Que faire après l’objectif ?

Nous parlons souvent de la période d’affûtage et de la meilleure manière d’aborder la compétition en fonction de son niveau d’expertise, de son volume d’entraînement et l’objectif lui-même (distance, dénivelé, intensité…). Mais que faire une fois son objectif atteint ou non ? Comment se reposer, quand et comment reprendre ?

80 km du Mont Blanc 2016

Puisque la fin août marque chaque année un des grands rendez-vous mondial de la discipline, prenons le cas d’un ultra trail. Pour la plupart des participants, il a fallu de longs mois de préparation pour être en mesure d’accomplir un 100 miles avec 10 000 m de dénivelé positif et négatif. Mais quelle que soit la qualité de la préparation, l’impact de la course sur l’organisme va être majeur. Rappelons que nous parlons ici de durées d’effort comprises entre 24 et 48h.

Curieusement, ce n’est pas sur le plan musculaire que les conséquences seront majeures. Les études de Guillaume Millet en marge de l’UTMB® et de Grégoire Millet sur le Tor des géants l’ont fort bien montré avec 2 enseignements majeurs : il faut en moyenne une semaine pour récupérer musculairement d’un 160 km, et la perte de force musculaire est moindre sur le Tor (330 km et 24000m d+/d-) que sur l’UTMB ! Ce dernier point a porté à confusion, contre la volonté des chercheurs. En effet, le raccourci était facile pour dire qu’il est moins fatiguant de faire 330 km que 160 km !

La fatigue, une hydre à 7 têtes

Or la fatigue est un phénomène complexe, multifactoriel, qui ne concerne pas que le musculaire, c’est-à-dire le périphérique.
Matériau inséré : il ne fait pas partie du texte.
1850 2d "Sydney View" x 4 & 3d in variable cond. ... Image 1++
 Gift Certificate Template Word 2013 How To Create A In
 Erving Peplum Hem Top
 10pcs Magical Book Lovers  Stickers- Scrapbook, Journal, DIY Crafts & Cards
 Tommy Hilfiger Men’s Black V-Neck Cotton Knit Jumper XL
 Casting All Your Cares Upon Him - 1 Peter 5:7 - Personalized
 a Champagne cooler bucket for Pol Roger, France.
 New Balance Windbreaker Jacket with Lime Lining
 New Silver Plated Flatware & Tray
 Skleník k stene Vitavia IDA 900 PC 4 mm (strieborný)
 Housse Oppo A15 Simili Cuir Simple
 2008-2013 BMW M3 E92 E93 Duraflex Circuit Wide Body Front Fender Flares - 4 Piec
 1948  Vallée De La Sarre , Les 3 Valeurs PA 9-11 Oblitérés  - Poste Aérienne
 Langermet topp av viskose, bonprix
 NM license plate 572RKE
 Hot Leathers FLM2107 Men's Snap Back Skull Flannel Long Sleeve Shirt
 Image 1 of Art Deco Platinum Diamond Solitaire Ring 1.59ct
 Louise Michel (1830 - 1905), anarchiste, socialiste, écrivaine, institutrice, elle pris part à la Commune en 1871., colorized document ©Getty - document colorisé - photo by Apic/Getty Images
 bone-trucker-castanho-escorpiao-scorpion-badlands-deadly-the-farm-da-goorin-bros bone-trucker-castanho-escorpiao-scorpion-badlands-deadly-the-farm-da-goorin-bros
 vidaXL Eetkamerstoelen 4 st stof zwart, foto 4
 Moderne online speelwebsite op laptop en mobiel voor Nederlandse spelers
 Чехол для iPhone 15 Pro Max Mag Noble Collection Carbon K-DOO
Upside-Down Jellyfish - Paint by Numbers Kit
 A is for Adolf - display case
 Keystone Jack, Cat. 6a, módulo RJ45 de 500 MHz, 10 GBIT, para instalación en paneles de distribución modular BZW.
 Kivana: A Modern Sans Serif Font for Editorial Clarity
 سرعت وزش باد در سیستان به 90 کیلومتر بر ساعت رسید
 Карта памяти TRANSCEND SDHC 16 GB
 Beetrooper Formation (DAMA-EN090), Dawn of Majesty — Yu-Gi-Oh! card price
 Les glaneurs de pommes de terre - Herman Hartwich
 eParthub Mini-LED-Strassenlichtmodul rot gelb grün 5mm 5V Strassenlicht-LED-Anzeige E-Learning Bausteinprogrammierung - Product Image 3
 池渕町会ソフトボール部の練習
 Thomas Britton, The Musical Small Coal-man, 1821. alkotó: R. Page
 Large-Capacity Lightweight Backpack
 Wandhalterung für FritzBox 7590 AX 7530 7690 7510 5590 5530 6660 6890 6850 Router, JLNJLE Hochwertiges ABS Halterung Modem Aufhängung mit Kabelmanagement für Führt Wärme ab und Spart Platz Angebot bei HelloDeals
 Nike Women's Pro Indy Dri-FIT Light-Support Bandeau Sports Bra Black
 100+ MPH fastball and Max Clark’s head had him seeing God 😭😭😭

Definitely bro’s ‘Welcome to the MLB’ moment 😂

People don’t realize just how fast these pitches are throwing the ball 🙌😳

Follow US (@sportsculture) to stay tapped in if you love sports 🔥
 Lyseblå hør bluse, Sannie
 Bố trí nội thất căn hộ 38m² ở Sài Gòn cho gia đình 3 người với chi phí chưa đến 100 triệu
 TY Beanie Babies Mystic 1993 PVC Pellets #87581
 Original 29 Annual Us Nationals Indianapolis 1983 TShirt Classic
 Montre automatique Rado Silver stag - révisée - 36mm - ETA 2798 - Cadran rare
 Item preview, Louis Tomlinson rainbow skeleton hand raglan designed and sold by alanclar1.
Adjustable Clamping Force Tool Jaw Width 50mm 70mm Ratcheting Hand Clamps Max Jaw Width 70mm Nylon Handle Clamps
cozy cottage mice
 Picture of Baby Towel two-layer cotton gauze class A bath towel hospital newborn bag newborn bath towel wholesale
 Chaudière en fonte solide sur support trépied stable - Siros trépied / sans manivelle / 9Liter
Il n’existe pas de marqueur universel mais une multitude de marqueurs sanguins, hormonaux, métaboliques, immunitaires, psychologiques…

Par exemple, un suivi de la variabilité de la fréquence cardiaque, marqueur du fonctionnement du système nerveux autonome (sympathique vs parasympathique) montre qu’il faut en moyenne 1 mois pour retrouver un équilibre après un ultra. Le simple suivi de la fréquence cardiaque de repos est également un indicateur intéressant, la fatigue se caractérisant par une élévation des valeurs de base. Mais là encore attention, car une baisse prolongée et importante de la FC de repos peut également être le signe d’une fatigue importante, mais plutôt suite à des charges d’entraînement élevées qu’après une compétition.

Autre élément à prendre en compte : la performance objective sur la course. Une bonne gestion peut amener une moindre fatigue post-course alors qu’une épreuve terminée dans le dur peut demander plus de temps de récupération. Mais là encore, pas de règle établie puisque le fait d’avoir réussi une bonne course peut fausser la sensation de fatigue et conduire à une reprise anticipée et risquée. La victoire sur soi ou sur les autres est rarement bonne conseillère.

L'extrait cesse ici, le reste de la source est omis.